Pumpkin, EU law is not my strong suit, but my understanding is the six month absence is cumulative per year rather than in one go. So a guy who spends 5 days out and 2 days in (per week) is definitely breaking residence.


Indeed, that won't consitute residence. That comes down to the right of entry and presence for three month on each entry.
It would be necessary to be in the UK with absences under six months in a twelve month period to exercise treaty rights as a self-sufficient person with CSI. Some sort of proof, such as bank statements, council tax, lease, would need to be retained to prove presence.

Situation now:

CH national with non EEA Spouse (swiss resident permit)
Working and living in Zurich Switzerland.


Goal

Living in UK with wife and continuing working in Switzerland (commuting weekly)

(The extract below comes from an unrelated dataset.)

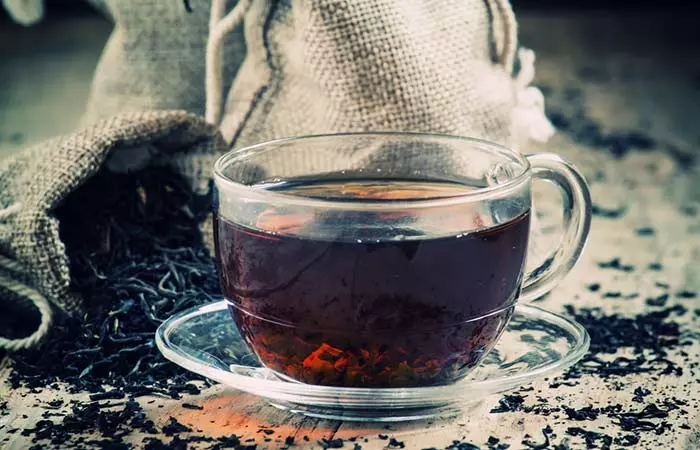 Black tea for a homemade hair rinse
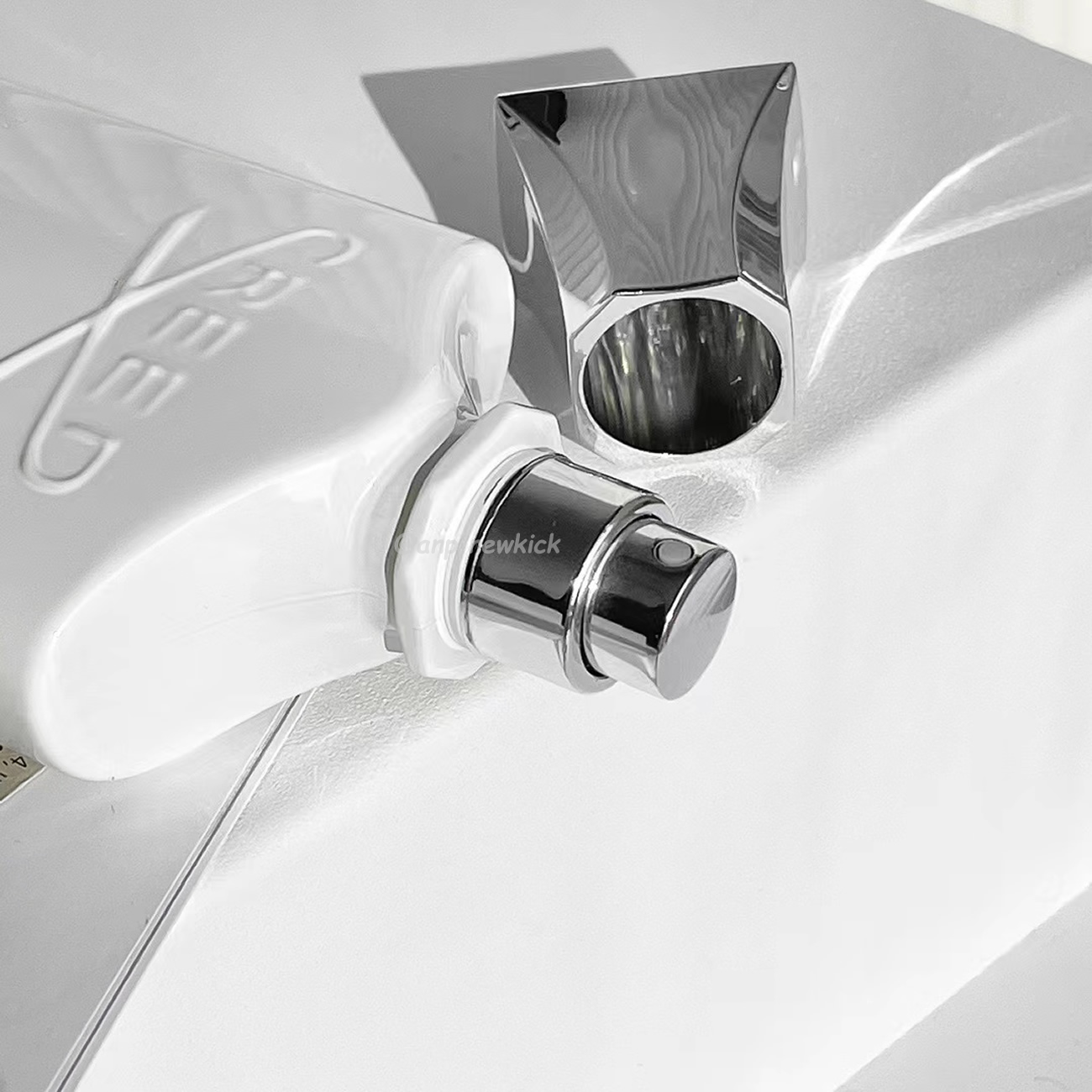 Creed Silver Mountain Water Spray For Unisex 100ml (8) - www.newkick.vip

I will have a swiss residency during the week and flying back in the UK for the week-ends.
I will reduce my working time to get extra weeks of holiday that I'll spent in UK.

My questions:

- What will be my status in UK and which form should I filled?
- Will it be possible for my spouse to apply for the EEA2 residence?

Extra information about taxes are welcomed too.


Grüezi aus Zürich! ;) Unusal to answer UK questions from other people in Switzerland.

If I understand correctly you are the Swiss spouse, your wife is non-EEA and she and your child wish to live in the UK full time?

Assuming your wife doesn't qualify under any of the UK national immigration routes, you would need to reside in the UK without excess absences and exercise treaty rights there. As Pumpkin said, you would need CSI, it would need to cover your wife and child as well. The Swiss EHIC (Krankenversicherungskarte) will not suffice for this purpose if resident in the UK unless temporarily studying there, but must be maintained in Switzerland anyway if you live there. If resident in the UK you would also be eligible for the NHS, but that's a separate issue from the CSI requirement under the European rules.

You also need to be self-sufficient, that means having financial resources which are enough for you and your wife and child. This is the case if your income exceeds what the UK social security for your family would be and can sometimes be the case otherwise. A Swiss income probably does exceed that amount. Once self-sufficiency is established and your wife has a residence card, she can work, however the CSI needs to be maintained.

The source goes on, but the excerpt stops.